C'est tout le paradoxe de la stratégie Modi. Ses « ambassadeurs de marque », nom qu'il donne aux expatriés indiens, lui servent à percer les marchés étrangers. Les expatriés indiens sont notamment présents aux États-Unis, au Royaume-Uni, au Canada et dans les pays du Golfe. Le 14 juillet 2023, la visite de Modi en France débouche sur un nouvel accord bilatéral en faveur des étudiants indiens. La France en accueillera 20 000 d'ici 2025 et 30 000 d'ici 2030. D'autres mesures favorables aux expatriés indiens figurent dans l'accord. Mais pas de réciproque. L'accord ne vise pas à augmenter le nombre d'étudiants français en Inde. La politique de Modi ne cherche pas à faire bondir le nombre d'expatriés en Inde. Car le pays a déjà ses talents, qui désespèrent de trouver un emploi.
Talents étrangers, talents locaux, perspectives de carrière
Contrairement aux États-Unis, au Canada, à Australie, à la France ou à la Finlande, l'Inde n'est pas confrontée au vieillissement de sa population. Chez les autres puissances, l'immigration est un enjeu économique et démographique. En Inde, près de la moitié de la population a moins de 25 ans. L'âge médian est d'à peine 29 ans en 2023. Le géant économique est aussi une puissance démographique, qui a dépassé la Chine, elle aussi confrontée au vieillissement de sa population.
Mais le géant économique court avec des pieds d'argile. Malgré les 7 % de croissance, le chômage est élevé (8,3 % en décembre 2023), surtout chez les jeunes. Un peu plus de 40 % des jeunes diplômés cherchent un travail. Les jeunes diplômés sont contraints d'accepter des métiers sous-payés. La croissance indienne masque une économie fonctionnant majoritairement grâce au secteur informel. Des petits boulots précaires dans le bâtiment, la restauration, les services sans réelles perspectives de carrière. D'où les projets d'expatriation de diplômés indiens courtisés par les puissances économiques en manque de talents étrangers.

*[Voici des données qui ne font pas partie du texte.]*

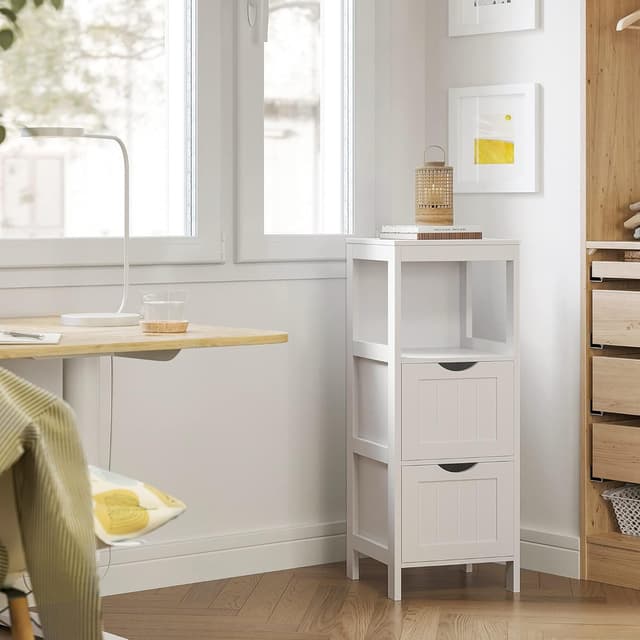 Detalle 2 de VASAGLE Mobile da bagno bianco BBC42WT con 2 cassetti e ripiano aperto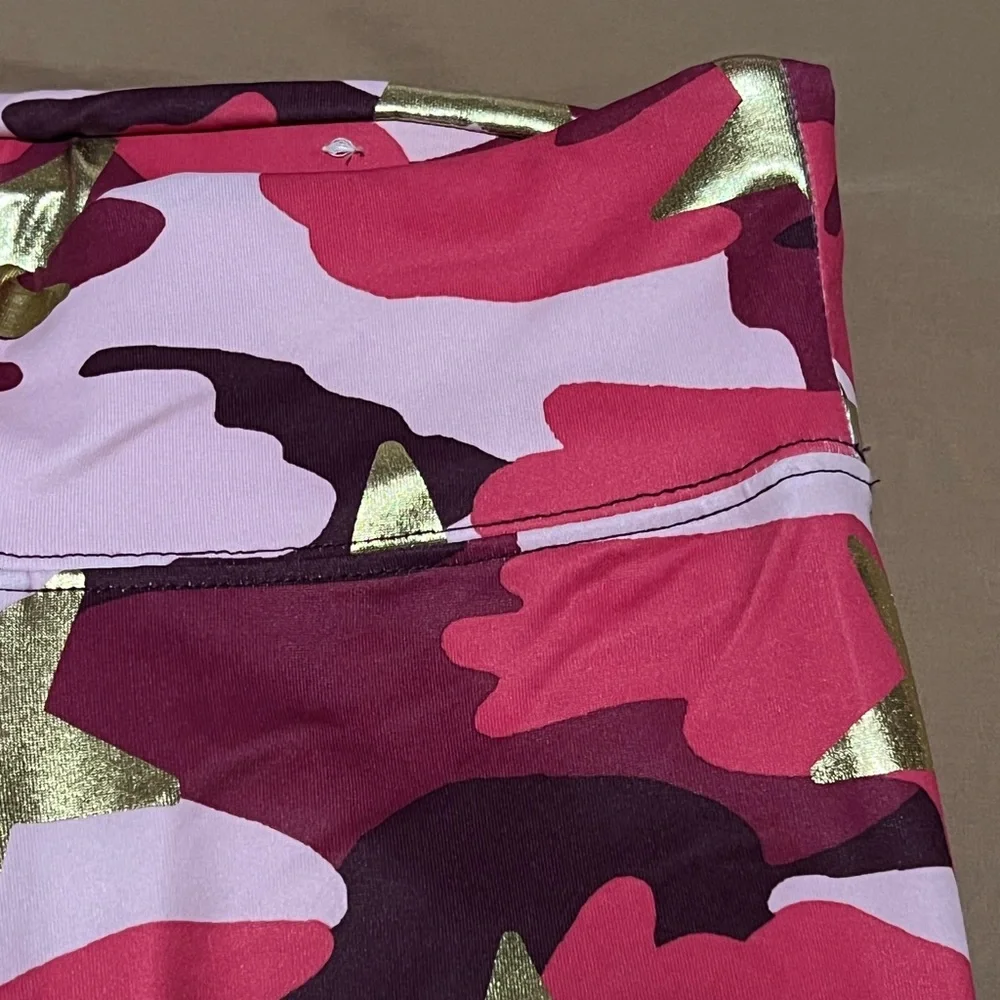 Justice Active Girls Pink Camo Gold Star Leggings Girls Size 10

On comprend mieux pourquoi l'exécutif indien ne se lance pas dans une politique marquée pour accueillir davantage de travailleurs étrangers. L'Inde a déjà ses talents locaux et se montre d'autant plus sélective vis-à-vis des expatriés. Les professionnels étrangers expérimentés et hautement qualifiés auront le plus de chance de retenir l'attention des recruteurs. Ils trouveront davantage de postes au sein des entreprises internationales implantées en Inde. Les principaux secteurs qui recrutent se trouvent dans l'automobile, l'énergie, la santé, l'aéronautique, ou encore, les télécommunications. Révolution de l'intelligence artificielle (IA) oblige, les nouveaux métiers liés à l'IA, et plus largement, aux nouvelles technologies, sont susceptibles de rechercher des profils étrangers très qualifiés.